Top 3 Individual Matchups
1 – Kyle Williams vs. Mike Iupati –
Buffalo’s most disruptive defensive lineman will be going up against the 49ers former first-round pick in a battle of lunch pail type players. The hand-to-hand combat in this matchup might be the most entertaining across the entire front.

2 – Scott Chandler vs. Donte Whitner – The Bills tight end comes in hot off a two-touchdown performance last week and leads the team in receiving TDs. He’ll be matched up with the former Bills safety whose track record against pass catching tight ends was less than impeccable.

3 – Chris Hairston vs. Aldon Smith – Stepping in for the injured Cordy Glenn, Hairston will have to handle the 49ers speed rusher in nickel situations. Smith leads the Niners with 4.5 sacks.

Top 2 Bills Advantages
Good advantage – Punt return –
The Bills still lead the league in punt return average thanks to Leodis McKelvin’s gaudy 29.7-yard average. San Francisco ranks 31st in punt coverage and has already given up a 75-yard return for a score (Week 1 vs. Green Bay).

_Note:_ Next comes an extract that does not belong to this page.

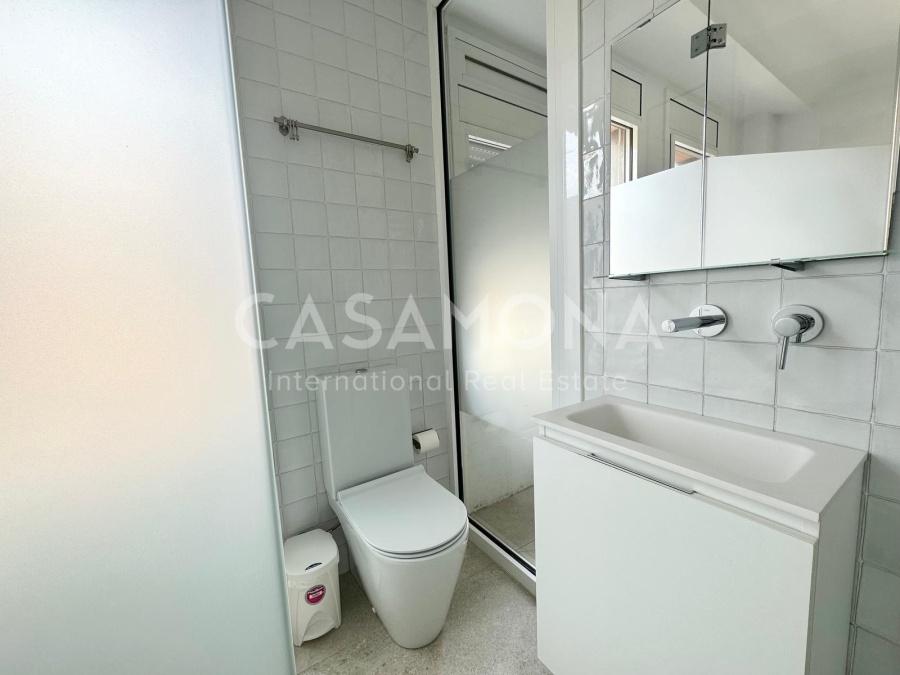 Apartament de luxe, residència exclusiva a la vora del mar amb vistes panoràmiques al port - terrassa i ascensor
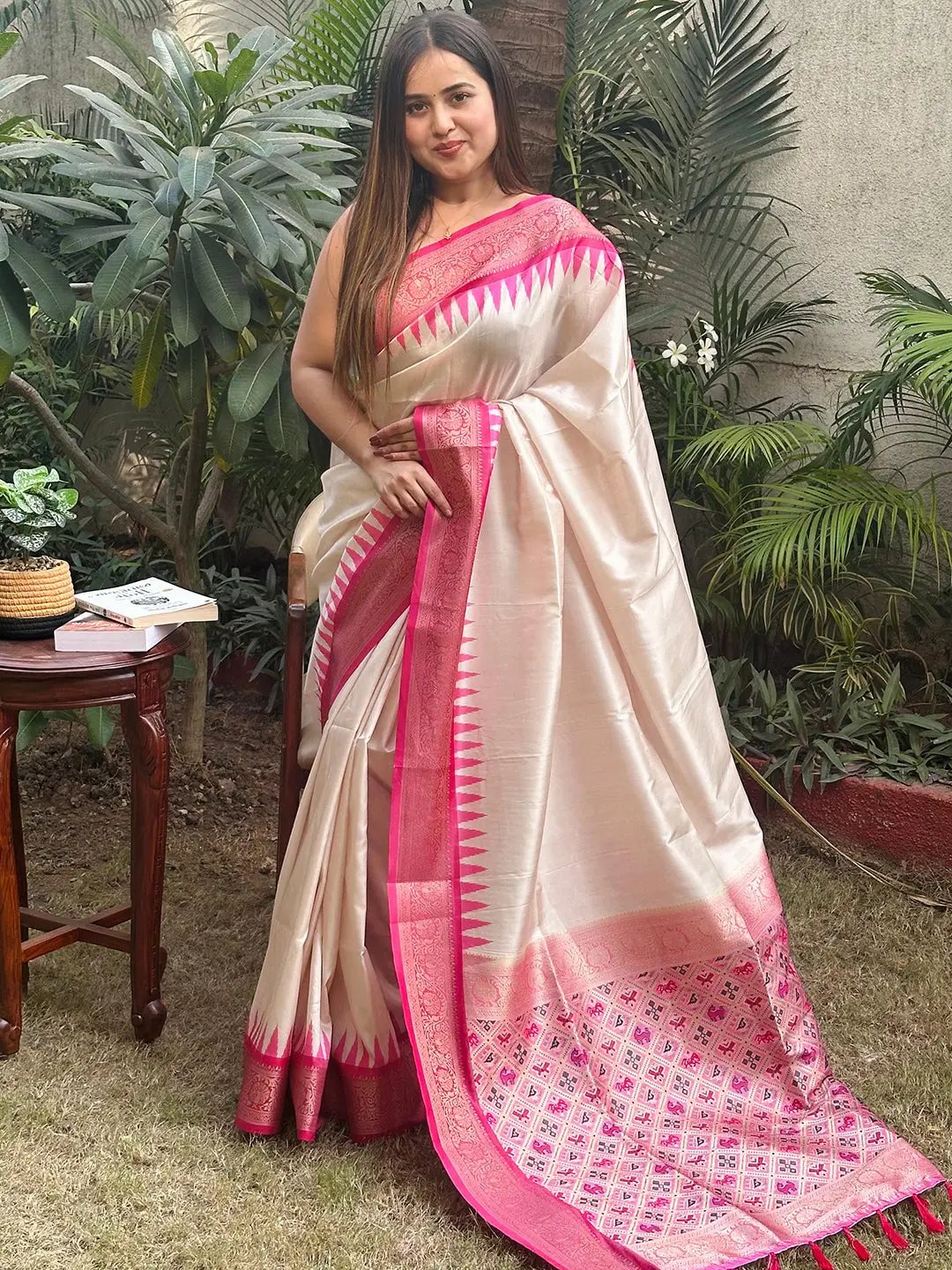 Pure Banarasi Soft Silk With Patola Pallu on Saree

Best advantage – Red zone offense – Buffalo’s offense remains one of the more efficient red zone attacks in the league once they crack the opponent’s 20-yard line. The Bills rank seventh in touchdown percentage in the red zone putting seven on the board almost two-thirds of the time (63.6%). San Francisco is dead last in red zone defense allowing five touchdowns in five red zone trips by their opponents this season.

Number 1 Must
Run game –
With Fred Jackson and C.J. Spiller a week healthier Buffalo has to have the more effective ground attack in this game they want to post a road win. The 49ers run game ranks third in the league while Buffalo’s ranks fourth. Jackson and Spiller have to keep the Bills in manageable down and distance to trigger effective play action and keep Buffalo out of obvious passing situations.

Scouting Eye
1st down defense
The success of San Francisco’s defense covers many statistical categories, but for the 49ers it starts on first down. The Niners allow just 3.67 yards per play on first down, which is a league best. It’s due mainly to the fact that they only allow a run play of four yards or more 32.7 percent of the time, also a league best.

No century backs
The 49ers defense has been beyond stingy when it comes to allowing individual 100-yard rushers. Since the tail end of the 2009 season San Francisco has allowed just one individual 100-yard rusher (Marshawn Lynch – Dec. 24, 2011), covering a span of 42 games. The last individual 100-yard rusher since Lynch was Ryan Grant, who rushed for 127 yards for Green Bay against the Niners on Nov. 22, 2009.

Ball control
San Francisco is more than happy to pound out yards on the ground all day. They’re third in the league in rushing and rank first in first down rushing, gaining four yards or more an impressive 55 percent of the time. Frank Gore is averaging almost five yards per carry himself, while the team averages 5.4 good for second-best in the league. This past week the Niners rolled up 245 yards on the ground in their road win against the Jets (34-0). Kendall Hunter has been their change of pace back, but free agent signee Brandon Jacobs appears to finally be healthy and should be available for Sunday’s game as well.

Home field dominance
The 49ers have been a very successful team on home turf. Since Dec. 1, 2010 the Niners have posted a 10-1 record at Candlestick Park. Their .909 winning percentage ranks third in the NFL over that span with only Green Bay and Baltimore more successful. Part of the reason is their lofty points per game average on their home field. San Francisco has put up almost 30 points per game on their home turf (29.6) over the aforementioned time span, good for fourth best in the NFL.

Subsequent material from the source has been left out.